▼

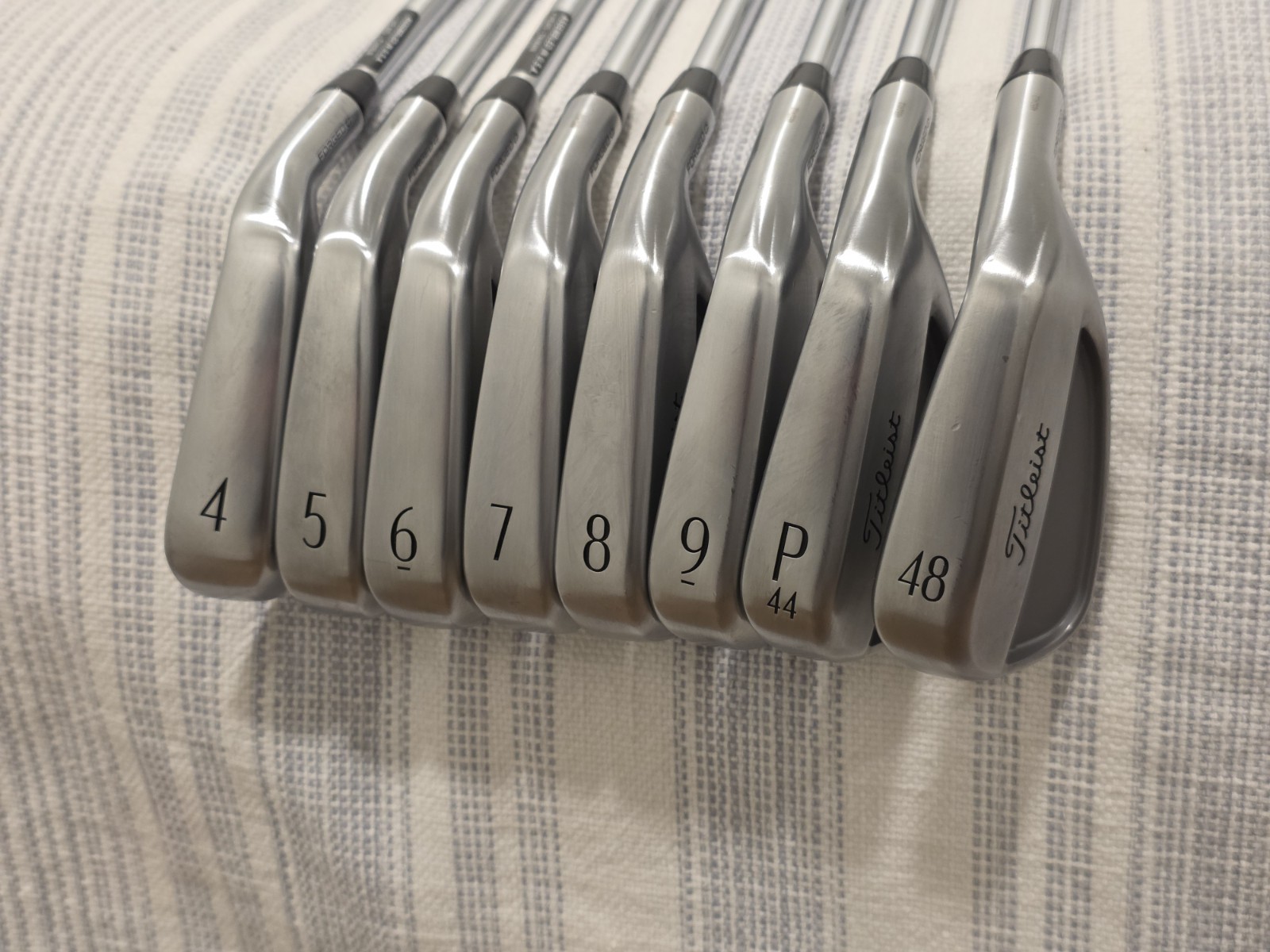 Titleist Forged 2025 T250 4 iron /T150 5-PW+48. PX 6.0. Titleist Forged 2025 T250 4 iron /T150 5-PW+48. PX 6.0.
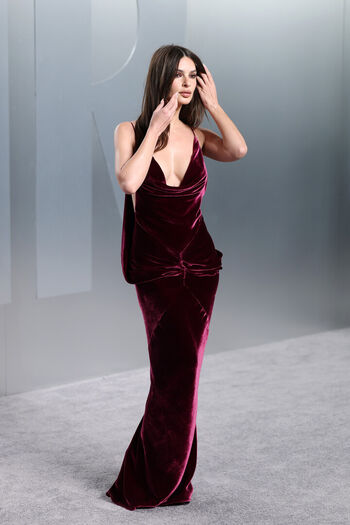 Emily ratajkowski  page leaked private photo uncensored HD quality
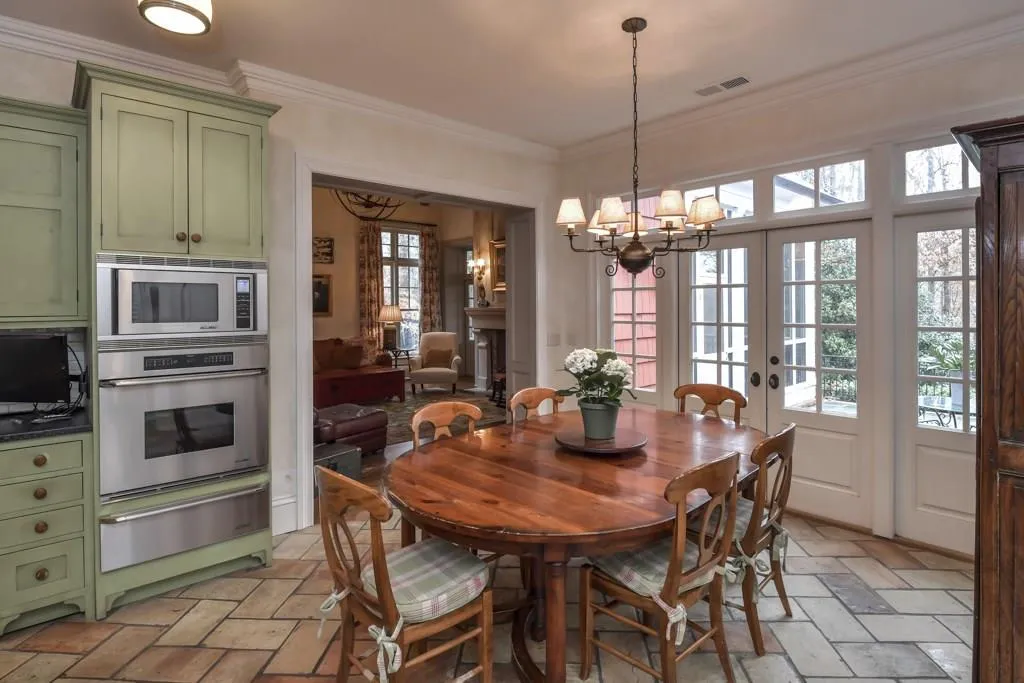 1530 Sunnybrook Farm Road, Atlanta, Georgia 30350, 4 Bedrooms Bedrooms, ,4 BathroomsBathrooms,Residential,Sold,1530 Sunnybrook Farm Road,6108575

▲

For this exercise, transcribe the data above line by line, exactly, with pictures omitted.

 Titleist Forged 2025 T250 4 iron /T150 5-PW+48. PX 6.0. Titleist Forged 2025 T250 4 iron /T150 5-PW+48. PX 6.0.
 Emily ratajkowski  page leaked private photo uncensored HD quality
 1530 Sunnybrook Farm Road, Atlanta, Georgia 30350, 4 Bedrooms Bedrooms, ,4 BathroomsBathrooms,Residential,Sold,1530 Sunnybrook Farm Road,6108575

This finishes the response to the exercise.